• Exercise
Your job with the data below is to output exactly the lines from the one holding "Bông tai vàng" down to the one holding "Lord Krishna Theme", both included, and no others.

• Dataset records
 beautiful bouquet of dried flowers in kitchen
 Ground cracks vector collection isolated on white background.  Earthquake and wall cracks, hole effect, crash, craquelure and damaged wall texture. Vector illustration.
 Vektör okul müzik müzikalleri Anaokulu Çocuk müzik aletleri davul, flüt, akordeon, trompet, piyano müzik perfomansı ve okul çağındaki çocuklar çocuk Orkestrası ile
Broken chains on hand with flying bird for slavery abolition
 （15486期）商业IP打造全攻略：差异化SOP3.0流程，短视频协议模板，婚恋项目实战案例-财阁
--
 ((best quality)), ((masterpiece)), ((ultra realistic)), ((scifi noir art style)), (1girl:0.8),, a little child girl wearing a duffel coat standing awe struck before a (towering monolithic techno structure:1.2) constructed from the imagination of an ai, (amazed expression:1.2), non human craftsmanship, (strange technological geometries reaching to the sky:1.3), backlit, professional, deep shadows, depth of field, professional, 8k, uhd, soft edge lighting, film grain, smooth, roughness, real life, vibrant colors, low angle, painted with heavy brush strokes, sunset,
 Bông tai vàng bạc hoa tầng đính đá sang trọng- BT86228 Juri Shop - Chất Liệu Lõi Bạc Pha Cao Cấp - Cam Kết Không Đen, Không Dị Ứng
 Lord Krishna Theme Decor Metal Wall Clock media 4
* * *
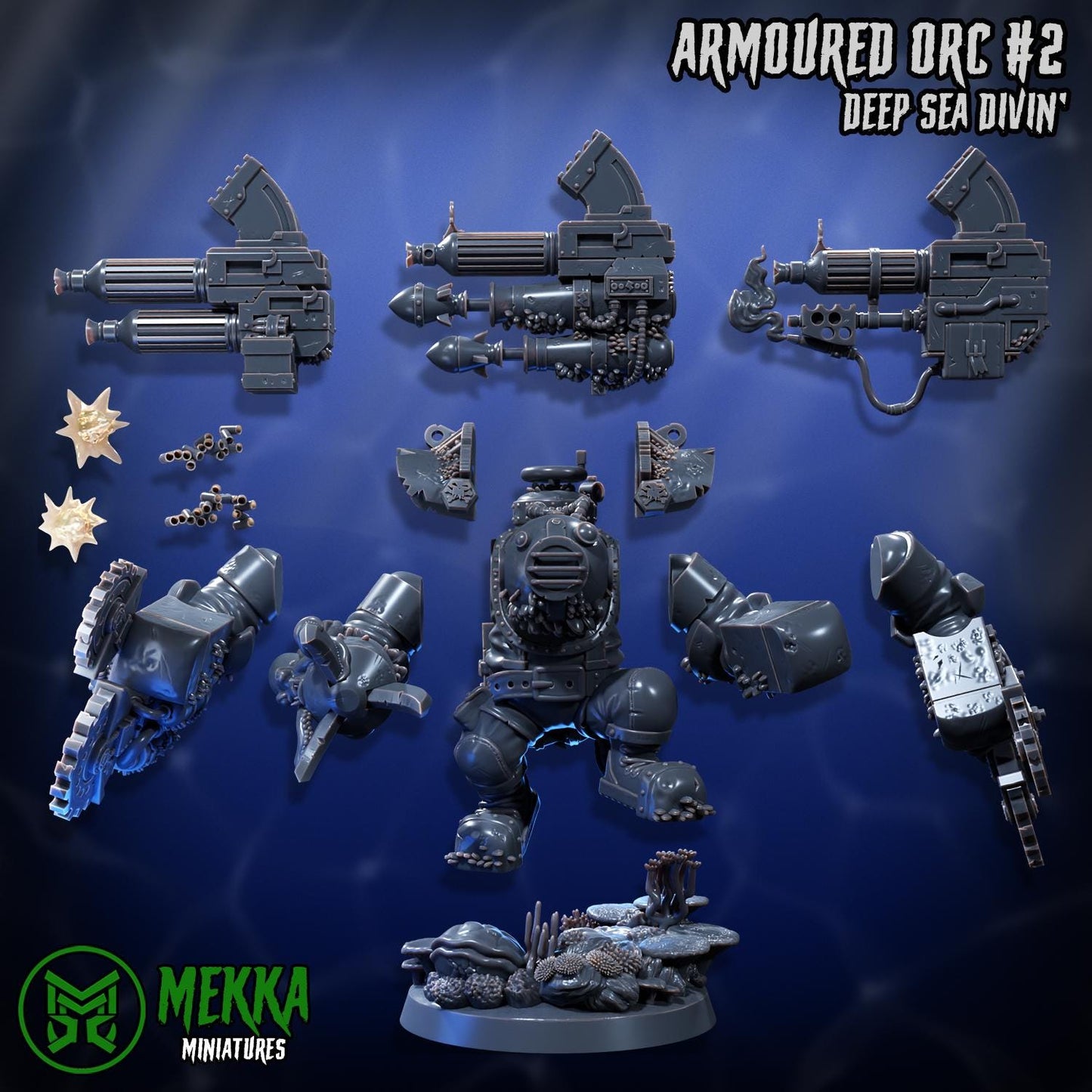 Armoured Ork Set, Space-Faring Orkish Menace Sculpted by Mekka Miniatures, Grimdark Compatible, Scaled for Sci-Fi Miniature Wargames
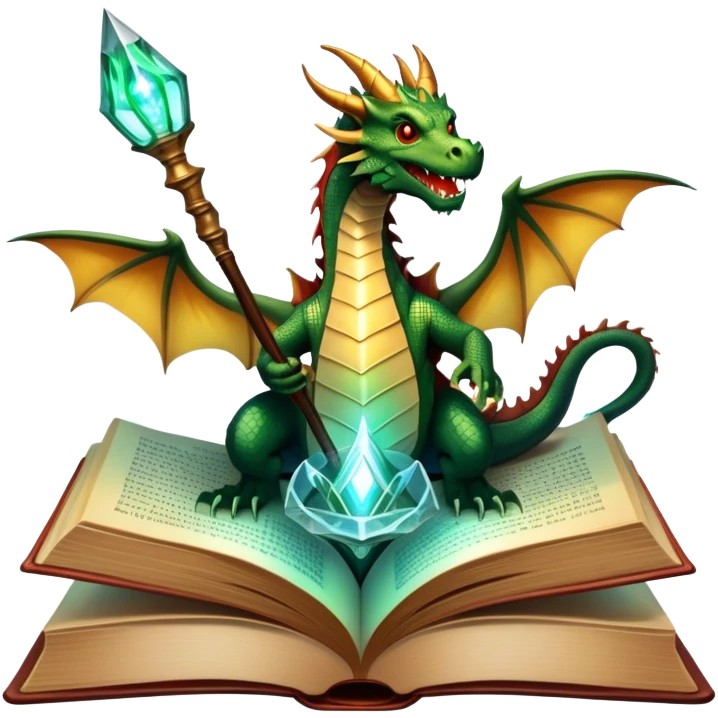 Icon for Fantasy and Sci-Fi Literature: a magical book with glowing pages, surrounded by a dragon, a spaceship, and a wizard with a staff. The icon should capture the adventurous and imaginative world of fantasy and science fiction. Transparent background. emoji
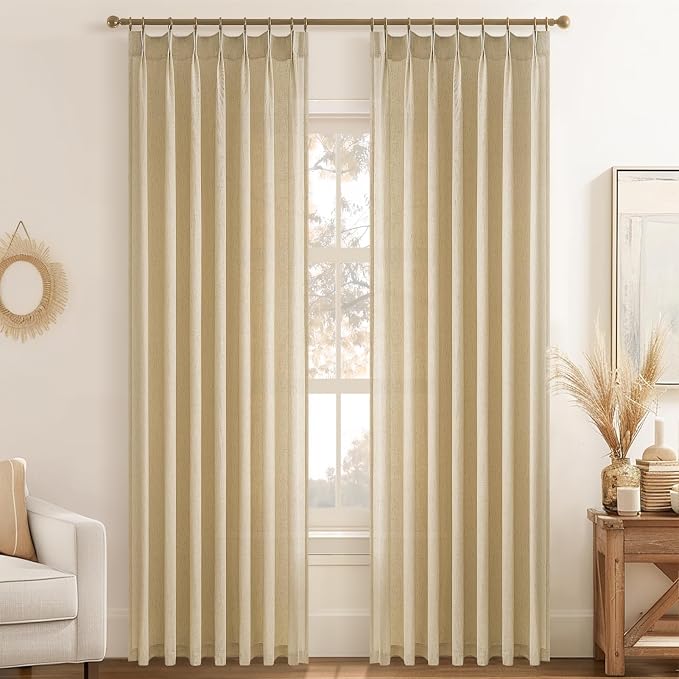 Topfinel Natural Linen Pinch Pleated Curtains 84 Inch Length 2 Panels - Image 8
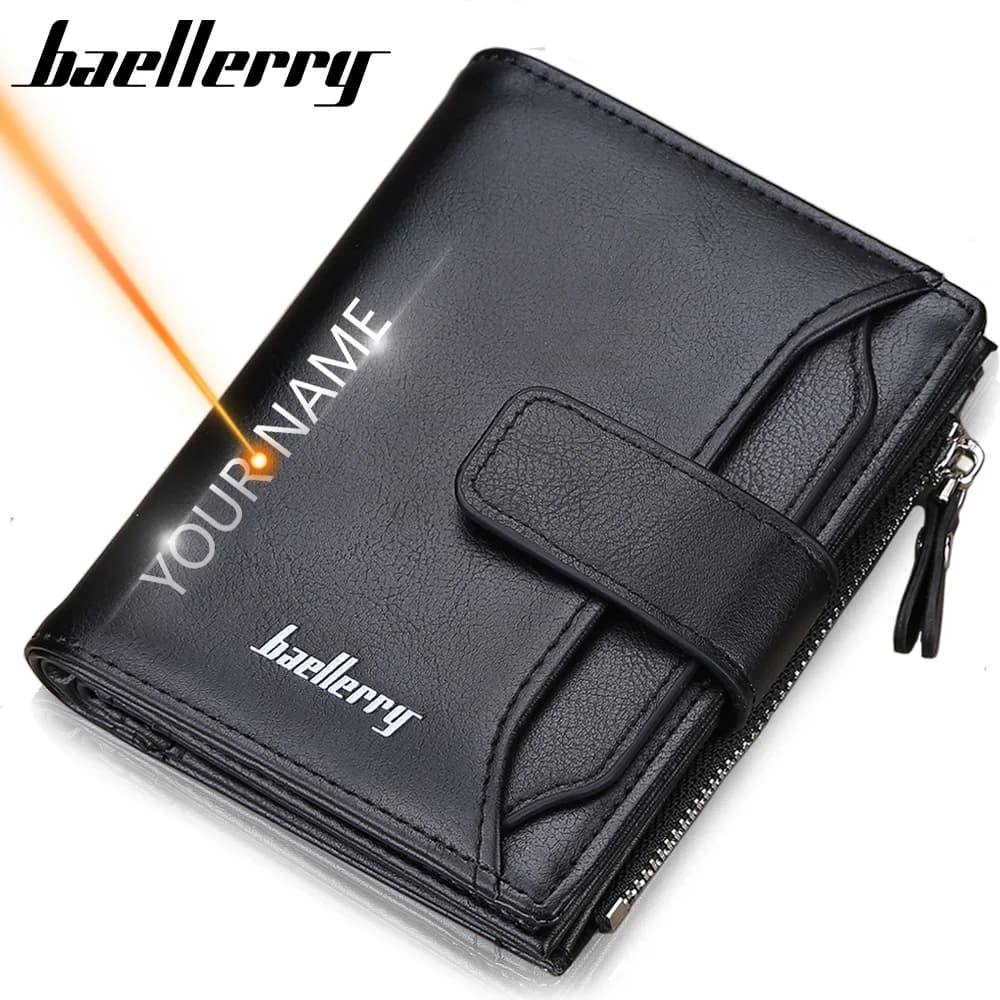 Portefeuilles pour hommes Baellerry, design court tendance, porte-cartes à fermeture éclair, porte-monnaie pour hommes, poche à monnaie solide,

• Exercise answer
 Bông tai vàng bạc hoa tầng đính đá sang trọng- BT86228 Juri Shop - Chất Liệu Lõi Bạc Pha Cao Cấp - Cam Kết Không Đen, Không Dị Ứng
 Lord Krishna Theme Decor Metal Wall Clock media 4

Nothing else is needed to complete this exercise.